20 En ce qui concerne les entreprises énergétiques, il ressort que 70% d’entre elles participent à la production décentralisée de courant dans leur propre territoire d’approvisionnement alors que les fournisseurs extérieurs sont rarement représentés. Bien que depuis la libéralisation du marché, les entreprises énergétiques puissent exercer des activités de production en dehors de leur territoire d’origine, pendant longtemps cette possibilité n’a pas été utilisée. On peut toutefois signaler des changements. La participation des entreprises municipales de Munich à des parcs éoliens offshore en mer du Nord qui sont soumis à la production centralisée ne sont qu’un exemple actuel illustrant l’intérêt grandissant des fournisseurs d’énergie pour la production d’électricité issue des énergies renouvelables en dehors de leur propre réseau. Par contre, dès les années 1990, les entreprises municipales de Emden et peu de temps après le fournisseur local EWE d’Oldenburg ont pris des participations dans des parcs éoliens dans leur propre région (Klagge und Brocke 2012). En général, les entreprises municipales et les fournisseurs locaux apparaissent comme des acteurs de plus en plus importants de la production décentralisée à partir des énergies renouvelables (Berlo und Wagner 2011). Mais jusqu’à présent ce sont les activités de production décentralisées dans leurs propres réseaux qui dominent, autrement dit sur place (Ernst & Young 2012), alors que les exemples comme l’engagement des entreprises municipales de Munich dans des parcs éoliens offshore représentent une exception.

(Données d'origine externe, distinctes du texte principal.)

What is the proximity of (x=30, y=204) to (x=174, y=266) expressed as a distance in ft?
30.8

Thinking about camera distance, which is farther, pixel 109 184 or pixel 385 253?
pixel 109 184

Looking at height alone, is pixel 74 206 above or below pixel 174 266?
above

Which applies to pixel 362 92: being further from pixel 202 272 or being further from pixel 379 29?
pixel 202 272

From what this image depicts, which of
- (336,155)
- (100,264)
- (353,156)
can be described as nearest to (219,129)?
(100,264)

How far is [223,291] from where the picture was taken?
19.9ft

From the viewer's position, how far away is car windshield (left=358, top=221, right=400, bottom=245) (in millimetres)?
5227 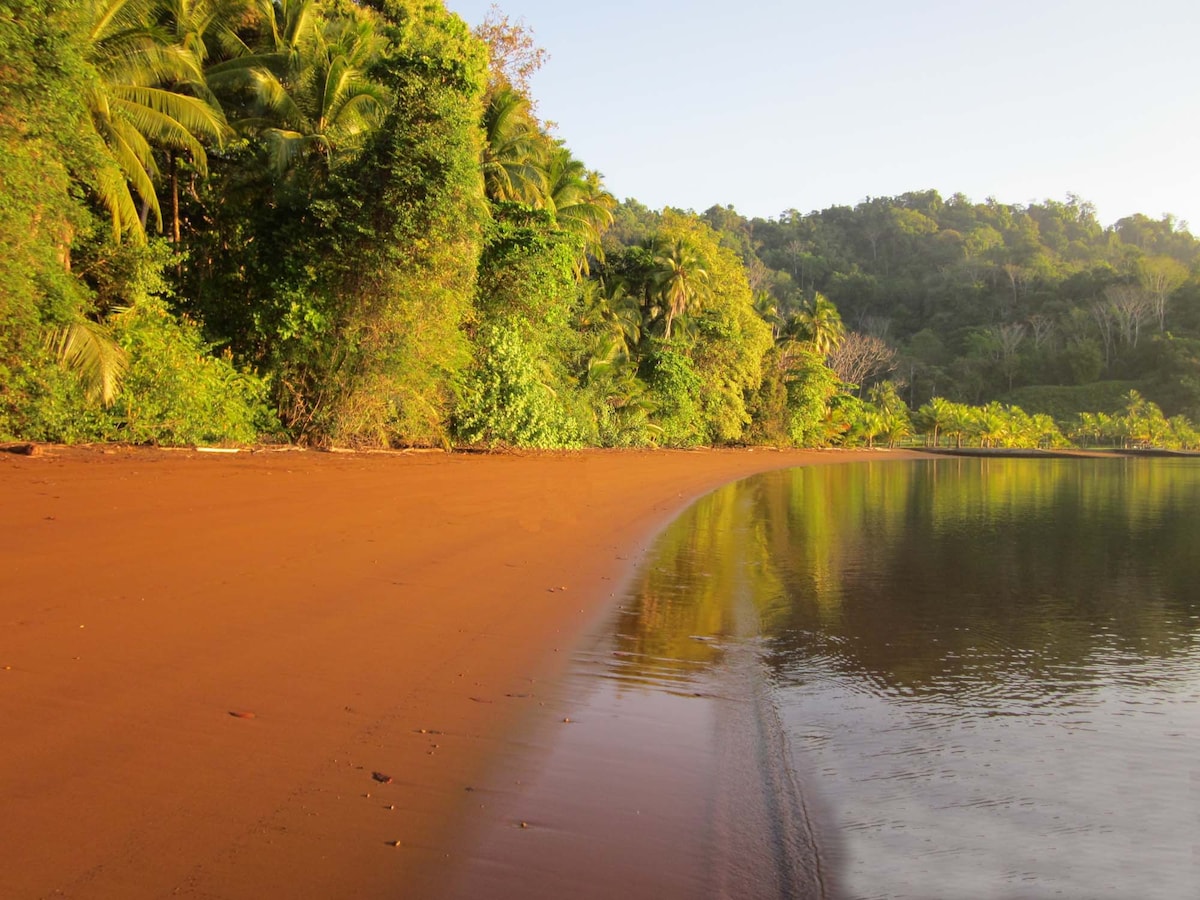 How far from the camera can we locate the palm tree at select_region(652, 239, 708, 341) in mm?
39281

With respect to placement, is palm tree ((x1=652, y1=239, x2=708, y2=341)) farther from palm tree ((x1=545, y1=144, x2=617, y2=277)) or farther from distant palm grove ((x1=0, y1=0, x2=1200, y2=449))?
palm tree ((x1=545, y1=144, x2=617, y2=277))


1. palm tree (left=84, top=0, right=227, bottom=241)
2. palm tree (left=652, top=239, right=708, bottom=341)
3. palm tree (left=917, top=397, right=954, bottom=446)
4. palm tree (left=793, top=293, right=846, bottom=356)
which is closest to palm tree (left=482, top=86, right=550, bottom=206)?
palm tree (left=84, top=0, right=227, bottom=241)

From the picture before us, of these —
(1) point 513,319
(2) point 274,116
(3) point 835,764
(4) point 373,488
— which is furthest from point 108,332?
(3) point 835,764

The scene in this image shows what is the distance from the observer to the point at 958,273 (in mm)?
109000

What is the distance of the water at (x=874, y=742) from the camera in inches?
118

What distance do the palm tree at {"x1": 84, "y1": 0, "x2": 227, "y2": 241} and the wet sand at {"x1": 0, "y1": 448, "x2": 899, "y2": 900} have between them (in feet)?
23.1

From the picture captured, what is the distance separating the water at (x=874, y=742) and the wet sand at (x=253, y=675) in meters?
0.48

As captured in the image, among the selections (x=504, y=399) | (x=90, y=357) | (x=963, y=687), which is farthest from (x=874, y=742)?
(x=504, y=399)

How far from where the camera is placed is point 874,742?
4.36 metres

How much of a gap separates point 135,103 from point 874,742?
56.5 ft

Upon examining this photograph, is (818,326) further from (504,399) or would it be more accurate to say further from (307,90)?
(307,90)

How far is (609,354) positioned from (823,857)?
2956cm

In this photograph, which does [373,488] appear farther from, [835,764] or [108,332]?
[835,764]

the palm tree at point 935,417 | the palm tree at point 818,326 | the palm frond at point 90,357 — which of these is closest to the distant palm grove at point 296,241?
the palm frond at point 90,357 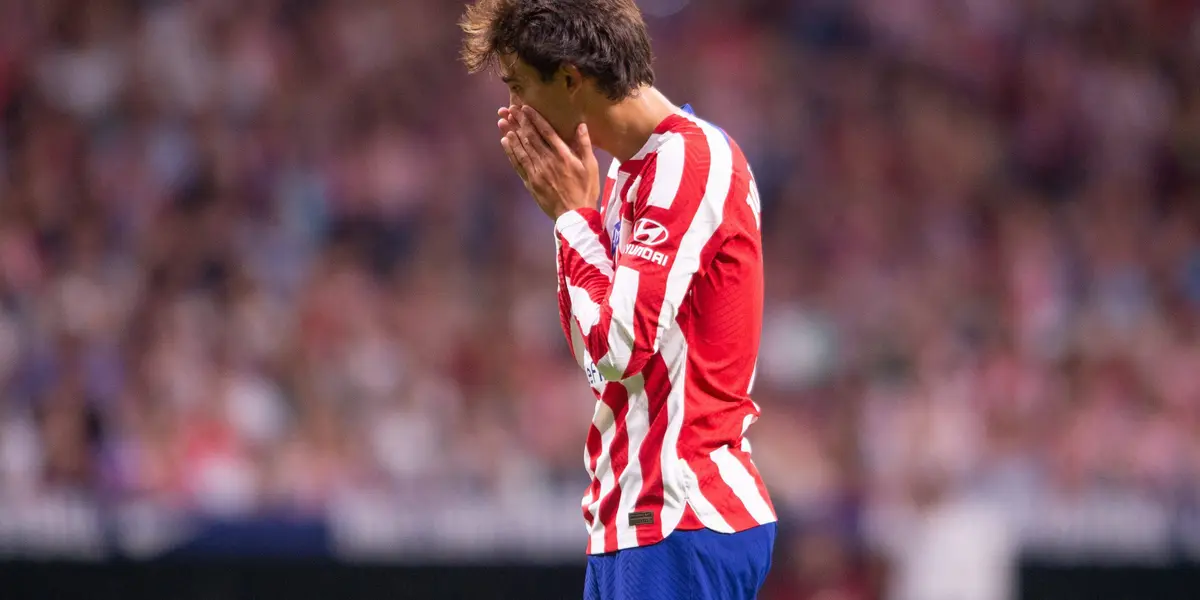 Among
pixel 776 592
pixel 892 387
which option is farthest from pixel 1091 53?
pixel 776 592

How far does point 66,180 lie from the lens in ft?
28.0

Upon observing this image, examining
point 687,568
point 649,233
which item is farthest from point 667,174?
point 687,568

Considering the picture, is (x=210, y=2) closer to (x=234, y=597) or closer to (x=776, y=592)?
(x=234, y=597)

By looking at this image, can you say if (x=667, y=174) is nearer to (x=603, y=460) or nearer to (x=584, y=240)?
(x=584, y=240)

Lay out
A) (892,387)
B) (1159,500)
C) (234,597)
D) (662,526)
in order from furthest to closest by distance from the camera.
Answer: (892,387) < (1159,500) < (234,597) < (662,526)

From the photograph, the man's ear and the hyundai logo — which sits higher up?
the man's ear

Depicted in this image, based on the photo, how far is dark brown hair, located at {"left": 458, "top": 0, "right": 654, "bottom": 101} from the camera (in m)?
2.84

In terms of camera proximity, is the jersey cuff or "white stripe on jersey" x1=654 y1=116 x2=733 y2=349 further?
the jersey cuff

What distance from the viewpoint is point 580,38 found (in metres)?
2.84

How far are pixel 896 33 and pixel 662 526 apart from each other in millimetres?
7775

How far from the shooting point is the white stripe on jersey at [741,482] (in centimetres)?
293

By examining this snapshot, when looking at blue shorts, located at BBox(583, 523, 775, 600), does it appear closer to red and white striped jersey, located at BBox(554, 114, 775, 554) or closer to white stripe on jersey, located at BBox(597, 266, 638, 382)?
red and white striped jersey, located at BBox(554, 114, 775, 554)

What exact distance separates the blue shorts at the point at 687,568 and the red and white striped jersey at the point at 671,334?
2 cm

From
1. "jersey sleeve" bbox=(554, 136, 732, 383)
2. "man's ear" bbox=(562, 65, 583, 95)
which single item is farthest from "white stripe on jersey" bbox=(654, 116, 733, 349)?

Conclusion  : les entreprises municipales et les fournisseurs régionaux comme moteurs de la transition énergétique ?

21 Beaucoup d’entreprises municipales et de fournisseurs régionaux se sont longtemps concentrés sur l’importation de courant provenant de grosses centrales et sur la production décentralisée de centrales de cogénération. Par contre, elles ont d‘abord laissé la production décentralisée d’électricité à partir des énergies renouvelables à des producteurs indépendants (Brocke 2012, Trend:research Institut et KNI 2011, S. 45f). Les données du syndicat des entreprises communales (VKU) montrent aussi une augmentation de l’importance des énergies renouvelables pour les entreprises énergétiques communales. Selon ces données, en 2010 les énergies renouvelables représentaient seulement 7,6% des capacités de production des communes, mais elles comptaient déja pour 27,1% des capacités supplémentaires de production (en capacités nettes de production, VKU 2011). La paprt était même de 60% en ce qui concerne les installations inachevées des entreprises municipales (Raschke & Vogel 2011, S. 29). Dans ce contexte, la Deutsche Umwelthilfe (ONG allemande de défense de l’environnement) a désigné les entreprises municipales comme étant des précurseurs et un moteur important de la transition énergétique (DUH 2012).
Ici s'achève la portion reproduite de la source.